Now in its fourth year, WeWork has as its aim transforming how small businesses lease and occupy property. The firm, cofounded by Adam Neumann and Miguel McKelvey, operates by leasing floors, then charging monthly memberships to start-ups and small companies. WeWork has leased 1.6 million square feet (149,000 sq m) in New York City alone, and the company is valued at $5 billion.
WeWork aims to triple its members to 46,000 over the next year and increase the number of locations to 60 from 21 today, adding sites in Austin, Chicago, London, and Amsterdam, according to Forbes. But WeWork is just one of many tech companies promising to change the real estate industry in ways previously unimaginable, Victor said.
“Millions of tech geeks are finding new ways of doing things, and it is impacting massively,” he said. “For many, that disruption is a negative idea. But the way we see it is this: if our business is going to be disrupted. We prefer to be inside the room rather than outside of it.”
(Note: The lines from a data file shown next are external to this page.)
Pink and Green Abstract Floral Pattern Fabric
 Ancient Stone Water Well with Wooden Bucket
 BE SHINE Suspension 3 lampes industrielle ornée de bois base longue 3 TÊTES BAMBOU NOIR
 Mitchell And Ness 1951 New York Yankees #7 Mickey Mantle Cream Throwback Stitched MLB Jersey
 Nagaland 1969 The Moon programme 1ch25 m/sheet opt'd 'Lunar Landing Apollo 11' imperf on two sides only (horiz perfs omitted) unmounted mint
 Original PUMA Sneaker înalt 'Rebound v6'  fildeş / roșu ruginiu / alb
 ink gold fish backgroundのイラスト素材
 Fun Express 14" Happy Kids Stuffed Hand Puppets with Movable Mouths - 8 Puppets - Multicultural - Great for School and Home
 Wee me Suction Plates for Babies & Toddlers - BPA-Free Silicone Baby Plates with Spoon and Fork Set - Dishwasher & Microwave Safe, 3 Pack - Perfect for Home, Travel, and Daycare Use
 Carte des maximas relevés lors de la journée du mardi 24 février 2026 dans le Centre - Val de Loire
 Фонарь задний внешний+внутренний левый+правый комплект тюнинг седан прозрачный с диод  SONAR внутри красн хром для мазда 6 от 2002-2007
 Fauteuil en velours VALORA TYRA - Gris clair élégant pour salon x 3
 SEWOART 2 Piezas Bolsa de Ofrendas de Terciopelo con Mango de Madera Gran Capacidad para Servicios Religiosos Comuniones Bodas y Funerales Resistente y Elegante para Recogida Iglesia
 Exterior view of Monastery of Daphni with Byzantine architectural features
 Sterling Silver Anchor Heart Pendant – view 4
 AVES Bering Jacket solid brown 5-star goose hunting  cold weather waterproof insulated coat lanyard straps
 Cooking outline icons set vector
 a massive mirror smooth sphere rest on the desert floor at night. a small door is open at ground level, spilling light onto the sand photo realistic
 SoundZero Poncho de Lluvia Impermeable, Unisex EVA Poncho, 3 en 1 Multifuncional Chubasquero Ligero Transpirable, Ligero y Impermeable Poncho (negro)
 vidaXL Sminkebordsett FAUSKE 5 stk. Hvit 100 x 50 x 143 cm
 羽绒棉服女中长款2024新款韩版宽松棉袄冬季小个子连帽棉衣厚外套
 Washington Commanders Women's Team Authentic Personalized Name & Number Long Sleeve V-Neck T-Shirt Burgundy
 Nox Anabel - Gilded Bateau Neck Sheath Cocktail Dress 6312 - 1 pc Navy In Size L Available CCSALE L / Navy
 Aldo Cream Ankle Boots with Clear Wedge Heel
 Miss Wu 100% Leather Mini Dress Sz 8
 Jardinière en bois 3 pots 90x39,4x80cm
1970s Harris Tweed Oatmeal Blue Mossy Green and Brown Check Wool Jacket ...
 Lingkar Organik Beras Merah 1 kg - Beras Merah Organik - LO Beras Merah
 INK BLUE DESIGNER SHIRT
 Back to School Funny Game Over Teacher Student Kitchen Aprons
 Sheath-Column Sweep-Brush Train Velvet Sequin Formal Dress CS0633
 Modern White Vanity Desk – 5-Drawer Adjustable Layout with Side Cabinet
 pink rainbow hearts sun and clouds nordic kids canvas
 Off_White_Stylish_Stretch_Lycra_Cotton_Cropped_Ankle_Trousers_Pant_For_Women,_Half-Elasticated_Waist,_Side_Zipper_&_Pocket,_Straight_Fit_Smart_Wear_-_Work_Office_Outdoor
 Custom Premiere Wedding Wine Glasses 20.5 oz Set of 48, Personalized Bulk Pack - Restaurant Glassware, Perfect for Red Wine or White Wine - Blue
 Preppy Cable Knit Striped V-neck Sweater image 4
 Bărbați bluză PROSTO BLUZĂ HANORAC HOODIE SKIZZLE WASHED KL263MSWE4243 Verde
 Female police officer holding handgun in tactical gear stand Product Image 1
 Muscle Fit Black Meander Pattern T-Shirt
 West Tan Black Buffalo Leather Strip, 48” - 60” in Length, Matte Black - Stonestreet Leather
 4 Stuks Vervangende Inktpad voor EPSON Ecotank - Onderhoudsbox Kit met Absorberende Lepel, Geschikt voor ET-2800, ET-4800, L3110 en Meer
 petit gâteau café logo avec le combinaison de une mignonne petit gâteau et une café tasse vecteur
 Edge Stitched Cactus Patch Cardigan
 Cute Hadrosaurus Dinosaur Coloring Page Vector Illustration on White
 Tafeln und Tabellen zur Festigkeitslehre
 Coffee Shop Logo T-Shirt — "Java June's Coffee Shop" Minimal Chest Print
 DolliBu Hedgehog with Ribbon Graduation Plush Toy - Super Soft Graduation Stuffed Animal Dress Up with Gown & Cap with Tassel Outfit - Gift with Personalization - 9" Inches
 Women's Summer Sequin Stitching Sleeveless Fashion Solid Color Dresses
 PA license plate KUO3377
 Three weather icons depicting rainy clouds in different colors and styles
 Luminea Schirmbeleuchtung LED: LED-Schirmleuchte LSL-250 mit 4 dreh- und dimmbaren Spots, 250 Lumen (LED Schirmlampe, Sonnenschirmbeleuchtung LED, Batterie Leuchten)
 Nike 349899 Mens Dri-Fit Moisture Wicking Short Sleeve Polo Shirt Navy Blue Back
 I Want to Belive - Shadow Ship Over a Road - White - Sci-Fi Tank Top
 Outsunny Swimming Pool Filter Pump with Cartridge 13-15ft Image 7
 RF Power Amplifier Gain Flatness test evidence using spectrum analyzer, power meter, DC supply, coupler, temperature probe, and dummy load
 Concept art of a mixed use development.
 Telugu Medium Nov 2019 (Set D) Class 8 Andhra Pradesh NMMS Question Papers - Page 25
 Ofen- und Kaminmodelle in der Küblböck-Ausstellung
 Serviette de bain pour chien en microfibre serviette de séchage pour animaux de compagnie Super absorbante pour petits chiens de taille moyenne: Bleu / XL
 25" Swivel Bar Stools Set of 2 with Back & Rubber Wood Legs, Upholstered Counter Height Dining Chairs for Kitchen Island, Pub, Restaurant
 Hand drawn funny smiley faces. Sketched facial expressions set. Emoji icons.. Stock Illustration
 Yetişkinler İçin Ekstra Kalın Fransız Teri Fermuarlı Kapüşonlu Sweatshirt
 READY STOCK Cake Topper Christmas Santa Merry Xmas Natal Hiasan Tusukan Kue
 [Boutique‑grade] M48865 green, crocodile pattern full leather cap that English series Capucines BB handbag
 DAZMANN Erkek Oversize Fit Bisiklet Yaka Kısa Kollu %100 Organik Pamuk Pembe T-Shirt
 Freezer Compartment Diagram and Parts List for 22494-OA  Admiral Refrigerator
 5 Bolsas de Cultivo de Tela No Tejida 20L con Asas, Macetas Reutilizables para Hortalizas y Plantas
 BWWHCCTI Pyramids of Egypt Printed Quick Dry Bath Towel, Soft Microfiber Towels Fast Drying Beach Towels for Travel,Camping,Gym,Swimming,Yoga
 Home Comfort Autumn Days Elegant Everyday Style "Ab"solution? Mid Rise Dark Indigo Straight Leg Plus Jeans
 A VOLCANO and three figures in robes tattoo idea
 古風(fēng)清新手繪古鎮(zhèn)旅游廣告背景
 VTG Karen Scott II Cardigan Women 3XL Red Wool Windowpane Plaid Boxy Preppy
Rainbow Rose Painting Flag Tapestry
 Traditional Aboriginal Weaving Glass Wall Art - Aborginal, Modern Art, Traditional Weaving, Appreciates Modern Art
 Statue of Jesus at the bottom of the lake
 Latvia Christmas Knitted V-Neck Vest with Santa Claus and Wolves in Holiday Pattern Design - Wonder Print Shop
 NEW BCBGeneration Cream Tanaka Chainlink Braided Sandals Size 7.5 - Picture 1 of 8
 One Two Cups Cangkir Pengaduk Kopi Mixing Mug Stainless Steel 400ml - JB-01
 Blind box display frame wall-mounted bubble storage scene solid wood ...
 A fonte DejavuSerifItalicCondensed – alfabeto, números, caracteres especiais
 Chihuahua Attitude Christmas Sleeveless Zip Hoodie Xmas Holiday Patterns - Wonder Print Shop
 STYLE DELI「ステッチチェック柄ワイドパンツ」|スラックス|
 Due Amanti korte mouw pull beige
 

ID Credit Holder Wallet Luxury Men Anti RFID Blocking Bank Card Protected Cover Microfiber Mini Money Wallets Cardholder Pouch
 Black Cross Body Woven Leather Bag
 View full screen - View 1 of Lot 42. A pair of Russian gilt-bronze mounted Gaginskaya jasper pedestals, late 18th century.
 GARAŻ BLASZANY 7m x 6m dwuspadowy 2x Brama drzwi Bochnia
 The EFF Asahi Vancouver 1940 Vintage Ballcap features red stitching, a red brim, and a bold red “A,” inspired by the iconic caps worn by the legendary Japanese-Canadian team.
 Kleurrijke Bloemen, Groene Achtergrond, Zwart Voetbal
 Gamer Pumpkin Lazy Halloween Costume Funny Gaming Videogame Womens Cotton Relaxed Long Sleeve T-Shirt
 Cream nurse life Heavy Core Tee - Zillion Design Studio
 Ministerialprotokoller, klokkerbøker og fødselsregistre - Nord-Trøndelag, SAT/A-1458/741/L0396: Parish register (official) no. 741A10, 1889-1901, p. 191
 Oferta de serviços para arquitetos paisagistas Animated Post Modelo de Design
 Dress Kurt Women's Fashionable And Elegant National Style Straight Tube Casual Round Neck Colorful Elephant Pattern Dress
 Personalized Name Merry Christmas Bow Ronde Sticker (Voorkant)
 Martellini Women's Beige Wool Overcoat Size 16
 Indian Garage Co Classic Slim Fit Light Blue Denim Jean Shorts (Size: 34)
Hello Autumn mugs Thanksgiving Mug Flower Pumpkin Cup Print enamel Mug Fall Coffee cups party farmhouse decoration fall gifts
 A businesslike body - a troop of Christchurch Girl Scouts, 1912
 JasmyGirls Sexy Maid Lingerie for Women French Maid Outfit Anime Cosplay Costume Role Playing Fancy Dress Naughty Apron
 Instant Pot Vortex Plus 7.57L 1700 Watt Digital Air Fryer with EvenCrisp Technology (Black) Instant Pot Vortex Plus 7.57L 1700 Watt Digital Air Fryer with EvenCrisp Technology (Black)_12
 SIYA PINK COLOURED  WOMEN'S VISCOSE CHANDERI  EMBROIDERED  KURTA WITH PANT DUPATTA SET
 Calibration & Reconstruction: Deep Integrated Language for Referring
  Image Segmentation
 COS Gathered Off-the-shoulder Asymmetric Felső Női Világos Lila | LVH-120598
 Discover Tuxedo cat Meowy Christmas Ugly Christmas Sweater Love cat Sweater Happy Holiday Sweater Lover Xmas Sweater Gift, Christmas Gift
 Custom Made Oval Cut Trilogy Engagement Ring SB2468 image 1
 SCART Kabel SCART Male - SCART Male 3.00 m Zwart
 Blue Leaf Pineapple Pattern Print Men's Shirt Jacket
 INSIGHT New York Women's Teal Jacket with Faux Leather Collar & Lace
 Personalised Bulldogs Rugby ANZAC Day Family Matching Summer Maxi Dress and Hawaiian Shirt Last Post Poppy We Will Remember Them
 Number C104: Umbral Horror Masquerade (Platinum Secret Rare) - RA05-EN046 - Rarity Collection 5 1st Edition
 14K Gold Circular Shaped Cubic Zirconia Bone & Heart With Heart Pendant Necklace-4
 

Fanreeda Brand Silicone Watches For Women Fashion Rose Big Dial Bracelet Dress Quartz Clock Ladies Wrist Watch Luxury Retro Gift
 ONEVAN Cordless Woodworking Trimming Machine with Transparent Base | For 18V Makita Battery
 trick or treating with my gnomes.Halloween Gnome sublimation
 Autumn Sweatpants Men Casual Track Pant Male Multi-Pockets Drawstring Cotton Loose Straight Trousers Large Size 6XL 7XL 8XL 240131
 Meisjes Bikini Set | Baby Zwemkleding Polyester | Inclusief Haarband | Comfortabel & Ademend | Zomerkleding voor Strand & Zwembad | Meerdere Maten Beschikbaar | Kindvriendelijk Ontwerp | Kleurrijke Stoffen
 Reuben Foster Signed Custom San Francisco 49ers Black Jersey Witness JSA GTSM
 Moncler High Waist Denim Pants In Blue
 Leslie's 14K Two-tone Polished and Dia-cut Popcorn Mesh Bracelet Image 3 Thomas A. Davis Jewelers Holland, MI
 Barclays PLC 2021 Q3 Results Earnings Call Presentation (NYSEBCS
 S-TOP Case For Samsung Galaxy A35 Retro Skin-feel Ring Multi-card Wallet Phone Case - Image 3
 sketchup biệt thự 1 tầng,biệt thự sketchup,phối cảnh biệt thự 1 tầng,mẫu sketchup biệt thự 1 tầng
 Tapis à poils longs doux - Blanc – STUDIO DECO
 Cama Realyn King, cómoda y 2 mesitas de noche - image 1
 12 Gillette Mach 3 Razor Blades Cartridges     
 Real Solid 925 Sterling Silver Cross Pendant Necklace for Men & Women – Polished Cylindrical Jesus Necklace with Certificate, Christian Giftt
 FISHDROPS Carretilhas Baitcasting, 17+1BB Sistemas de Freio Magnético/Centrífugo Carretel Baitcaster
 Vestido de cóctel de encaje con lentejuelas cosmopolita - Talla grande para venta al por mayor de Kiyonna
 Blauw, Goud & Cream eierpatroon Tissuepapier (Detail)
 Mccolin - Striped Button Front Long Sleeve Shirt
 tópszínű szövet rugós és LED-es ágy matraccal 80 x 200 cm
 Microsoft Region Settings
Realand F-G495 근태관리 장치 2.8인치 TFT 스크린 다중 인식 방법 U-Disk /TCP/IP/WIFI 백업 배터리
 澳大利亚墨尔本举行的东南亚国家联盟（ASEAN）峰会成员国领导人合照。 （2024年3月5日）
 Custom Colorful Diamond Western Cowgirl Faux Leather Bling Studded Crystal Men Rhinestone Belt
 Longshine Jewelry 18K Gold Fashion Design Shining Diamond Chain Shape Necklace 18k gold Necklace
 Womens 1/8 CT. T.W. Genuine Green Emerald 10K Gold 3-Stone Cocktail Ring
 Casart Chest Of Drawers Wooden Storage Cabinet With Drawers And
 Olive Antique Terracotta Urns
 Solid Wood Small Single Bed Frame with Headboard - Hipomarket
Cushman recently partnered with Spire Ventures and Europe’s first property-focused technology accelerator company, Pi Labs, to provide property entrepreneurs with investment, mentoring, and business space.
Pi Labs operates from Second Home, a 24,000-square-foot (2,200 sq m) carpet factory turned office space in London’s trendy Shoreditch neighborhood. It is conceived on the basis of the disrupter model Victor cited. The building is designed to help fast-growing creative companies collaborate and innovate within a unique fit-out: use of transparent acrylic, curved walls, meeting tables that can be packed away when not in use, free coffee, and thousands of hydroponic plants.
Fellow panelist Inma Martinez, business ambassador, catalyst program, for the U.K. Trade and Investment department, said the philosophy of Second Home echoed that of Facebook’s new headquarters on the outskirts of San Francisco. Mark Zuckerberg’s 435,000-square-foot (40,400 sq m) complex is being designed as a large Hadron collider conjuring serendipitous meetings among staff members, she said.
“Innovation happens when people mingle, share ideas, get feedback, and have conveniences built around them,” she said. “They are places that help people work harder. This is the office space everybody wants.”
Martinez also argued that advanced sensor technology is changing the way buildings are occupied, citing tech firm Pavegen’s work developing floor tiles that turn footsteps into electricity and automatic locking systems that eliminate the need for keys.
“Building materials are incorporating software and changing the way people use spaces,” she said. “Soon, sensor management systems won’t just be monitoring gas and electricity usage. They will make decisions based on the preferences of occupiers.”
But Google’s decision to locate a 1 million-square-foot (93,000 sq m) U.K. headquarters at the heart of London’s King’s Cross regeneration project shows tech firms are just as interested in “places,” Victor argued. He said the heritage-led, mixed-use development—with its arts and cultural uses, large area devoted to green space and the public realm, and proximity to major transport hubs—would help the tech giant attract employees. “The war for talent is a new demand driver,” he said.
“Companies need to chase talent, and that is causing real estate to change from a commodity into a weapon that will fight that battle. Google, Twitter, and Amazon are making strategic decisions to drive retention and attraction,” he said.
Twitter’s decision to lease two floors of 1335 Market Place in San Francisco’s downtown Tenderloin district as its corporate headquarters—a space that had been vacant for five years—also shows that tech companies are “breathing new life into buildings teetering on the edge of obsolescence,” he said.
“What would have happened to New York’s 111 Eighth Avenue building if Google hadn’t bought it?” he asked. “These companies want to make their mark on the world and do it in traditional ways.”